Compiling using -Ofast however; register has 0 optimisation effect because if it can be put in a register or made immediate, it always will be and if it can't it won't be; const still optimises out the load on C and C++ but at file scope only; volatile still forces the values to be stored and loaded from the stack.
.LC0:
.string "%d"
main:
//optimises out push and change of rbp
sub rsp, 8 //https://stackoverflow.com/a/40344912/7194773
mov esi, 3
mov edi, OFFSET FLAT:.LC0
xor eax, eax //xor 2 bytes vs 5 for mov eax, 0
call printf
xor eax, eax
add rsp, 8
ret
Consider a case when compiler's optimizer has two variables and is forced to spill one onto stack. It so happened that both variables have the same weight to the compiler. Given there is no difference, the compiler will arbitrarily spill one of the variables. On the other hand, the register keyword gives compiler a hint which variable will be accessed more frequently. It is similar to x86 prefetch instruction, but for compiler optimizer.

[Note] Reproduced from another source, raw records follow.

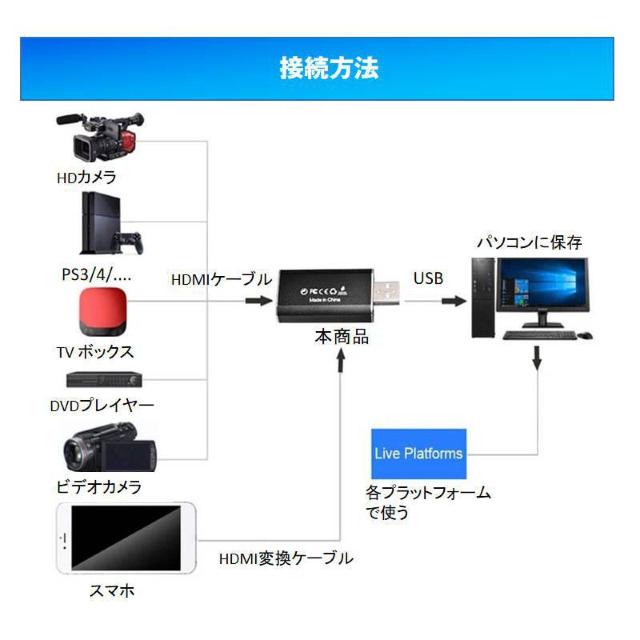 ビデオキャプチャー hdmi to usb2.0 キャプチャーボード ビデオキャプチャーケーブル Mac PS4 Nintendo < 家電/AV  ビデオキャプチャー hdmi to usb2.0 キャプチャーボード ビデオキャプチャーケーブル Mac PS4 Nintendo < 家電/AVの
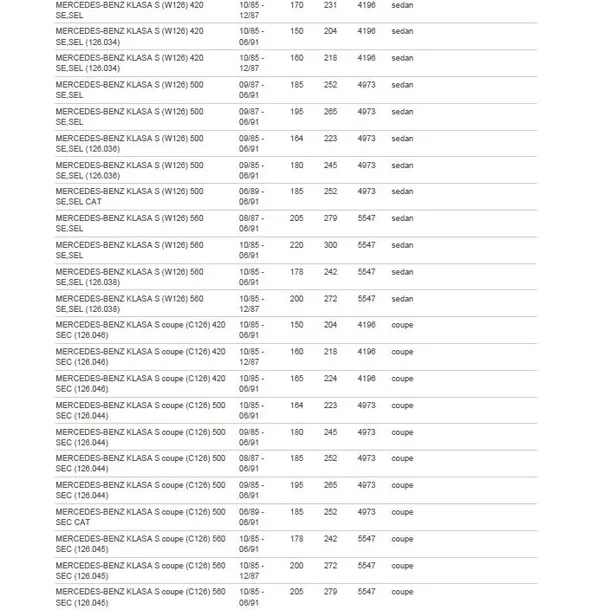 podpora-walu-bmw-e46-meyle-300-261-2790-s-stan-opakowania-oryginalne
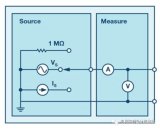 研究RLC電路中的共振現(xiàn)象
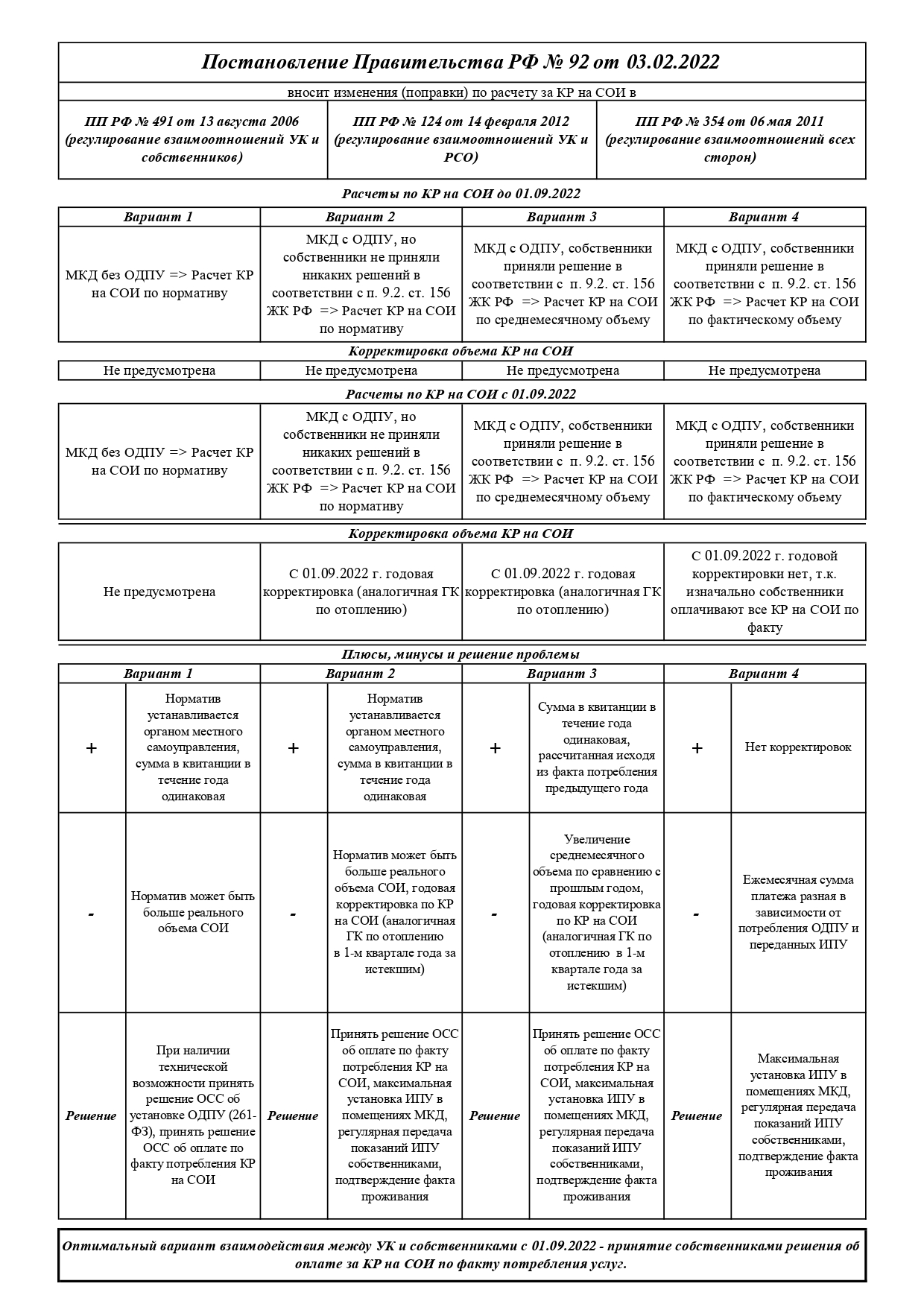 Об изменениях в начислениях платы за коммунальный ресурс на содержание  общего имущества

Obviously register hints are similar to user-provided branch probability hints, and can be inferred from these probability hints. If compiler knows that some branch is taken often, it will keep branch related variables in registers. So I suggest caring more about branch hints, and forgetting about register. Ideally your profiler should communicate somehow with the compiler and spare you from even thinking about such nuances.